(Recorded data)
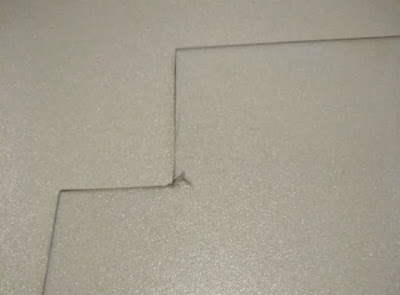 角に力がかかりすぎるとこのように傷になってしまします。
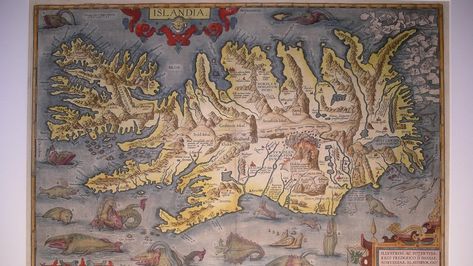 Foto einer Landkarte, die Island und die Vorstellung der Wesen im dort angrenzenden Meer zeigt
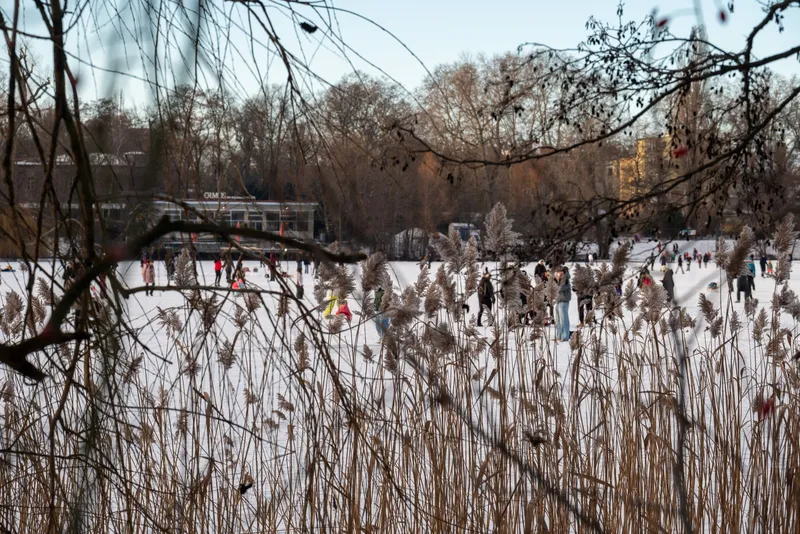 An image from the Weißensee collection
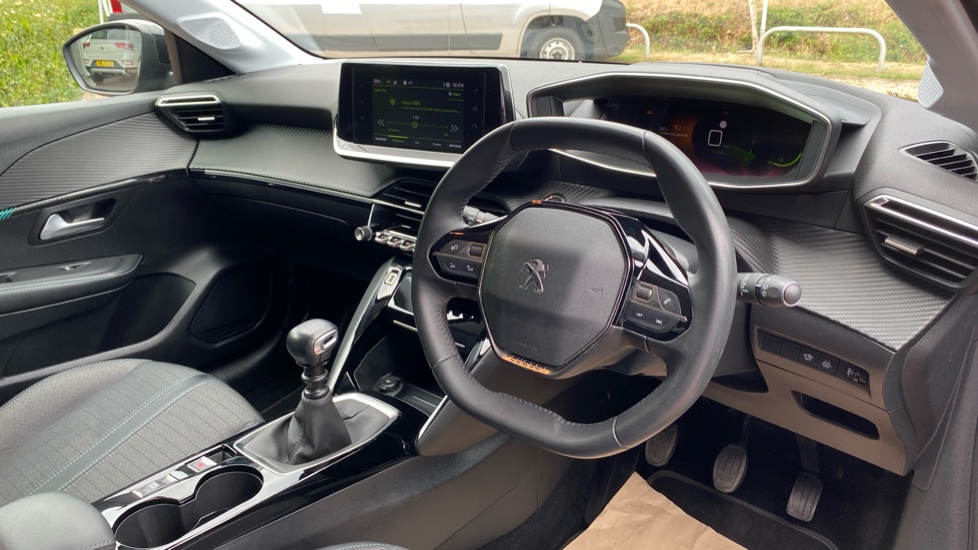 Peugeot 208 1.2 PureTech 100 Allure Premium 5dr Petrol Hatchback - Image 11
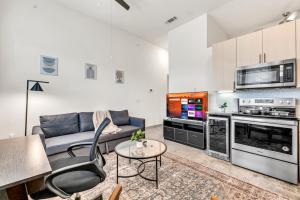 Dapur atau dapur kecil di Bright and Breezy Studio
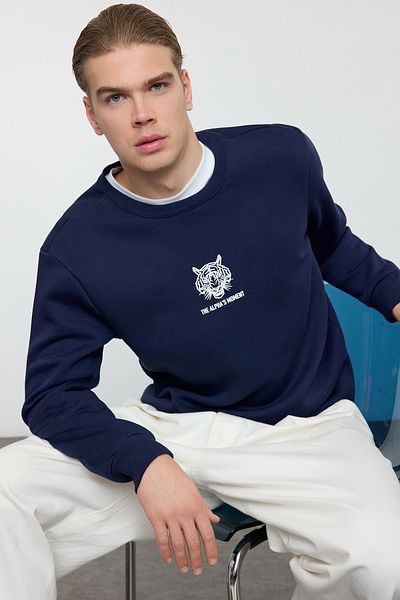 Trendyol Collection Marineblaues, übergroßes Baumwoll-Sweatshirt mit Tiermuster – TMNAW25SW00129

ASSIGNED TASK:
Please copy every record above exactly, but leave the pictures out.

EXPECTED ANSWER:
 角に力がかかりすぎるとこのように傷になってしまします。
 Foto einer Landkarte, die Island und die Vorstellung der Wesen im dort angrenzenden Meer zeigt
 An image from the Weißensee collection
 Peugeot 208 1.2 PureTech 100 Allure Premium 5dr Petrol Hatchback - Image 11
 Dapur atau dapur kecil di Bright and Breezy Studio
 Trendyol Collection Marineblaues, übergroßes Baumwoll-Sweatshirt mit Tiermuster – TMNAW25SW00129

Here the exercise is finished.